━━ Given data
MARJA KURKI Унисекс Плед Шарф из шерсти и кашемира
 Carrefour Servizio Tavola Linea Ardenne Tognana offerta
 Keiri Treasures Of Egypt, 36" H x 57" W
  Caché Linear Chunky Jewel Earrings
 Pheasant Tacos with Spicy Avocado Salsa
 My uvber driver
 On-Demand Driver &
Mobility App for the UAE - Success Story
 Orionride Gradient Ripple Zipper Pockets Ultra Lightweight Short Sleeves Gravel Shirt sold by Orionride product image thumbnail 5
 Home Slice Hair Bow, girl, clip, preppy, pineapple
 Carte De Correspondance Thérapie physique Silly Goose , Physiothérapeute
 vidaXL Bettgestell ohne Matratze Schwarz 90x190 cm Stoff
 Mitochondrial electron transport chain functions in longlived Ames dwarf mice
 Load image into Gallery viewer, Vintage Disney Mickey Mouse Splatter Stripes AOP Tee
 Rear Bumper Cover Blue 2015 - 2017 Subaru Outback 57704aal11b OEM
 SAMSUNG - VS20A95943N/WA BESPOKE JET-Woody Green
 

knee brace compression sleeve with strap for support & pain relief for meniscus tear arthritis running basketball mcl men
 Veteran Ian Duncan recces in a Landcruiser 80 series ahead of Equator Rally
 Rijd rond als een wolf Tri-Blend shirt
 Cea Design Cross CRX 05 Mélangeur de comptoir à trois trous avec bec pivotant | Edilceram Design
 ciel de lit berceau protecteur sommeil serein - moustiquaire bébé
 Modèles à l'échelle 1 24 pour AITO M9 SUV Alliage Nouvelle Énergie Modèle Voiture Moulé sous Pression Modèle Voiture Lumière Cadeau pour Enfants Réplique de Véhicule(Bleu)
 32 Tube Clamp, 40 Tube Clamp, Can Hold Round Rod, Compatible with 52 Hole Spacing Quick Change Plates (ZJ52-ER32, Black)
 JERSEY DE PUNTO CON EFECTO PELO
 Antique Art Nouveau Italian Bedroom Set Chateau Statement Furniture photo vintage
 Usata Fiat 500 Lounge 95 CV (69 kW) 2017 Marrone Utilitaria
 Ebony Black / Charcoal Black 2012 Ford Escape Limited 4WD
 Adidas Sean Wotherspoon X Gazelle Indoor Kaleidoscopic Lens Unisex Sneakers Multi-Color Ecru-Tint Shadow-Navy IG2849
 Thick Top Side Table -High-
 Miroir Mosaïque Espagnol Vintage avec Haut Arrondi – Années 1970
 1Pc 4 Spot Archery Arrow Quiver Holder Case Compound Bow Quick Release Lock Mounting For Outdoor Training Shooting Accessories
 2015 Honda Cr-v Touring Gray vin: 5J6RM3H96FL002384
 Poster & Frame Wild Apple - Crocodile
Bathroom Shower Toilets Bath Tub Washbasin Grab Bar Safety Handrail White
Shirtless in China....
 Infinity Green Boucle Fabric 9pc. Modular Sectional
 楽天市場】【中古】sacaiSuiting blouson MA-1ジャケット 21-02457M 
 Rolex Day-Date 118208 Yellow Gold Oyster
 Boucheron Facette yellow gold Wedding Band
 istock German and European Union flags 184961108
━━━━
* Exercise brief *
Repeat exactly the lines from the line containing "Rolex Day-Date 118208 Yellow Gold Oyster" through the last line of the records above, including both, and nothing else.

* Answer to the problem *
 Rolex Day-Date 118208 Yellow Gold Oyster
 Boucheron Facette yellow gold Wedding Band
 istock German and European Union flags 184961108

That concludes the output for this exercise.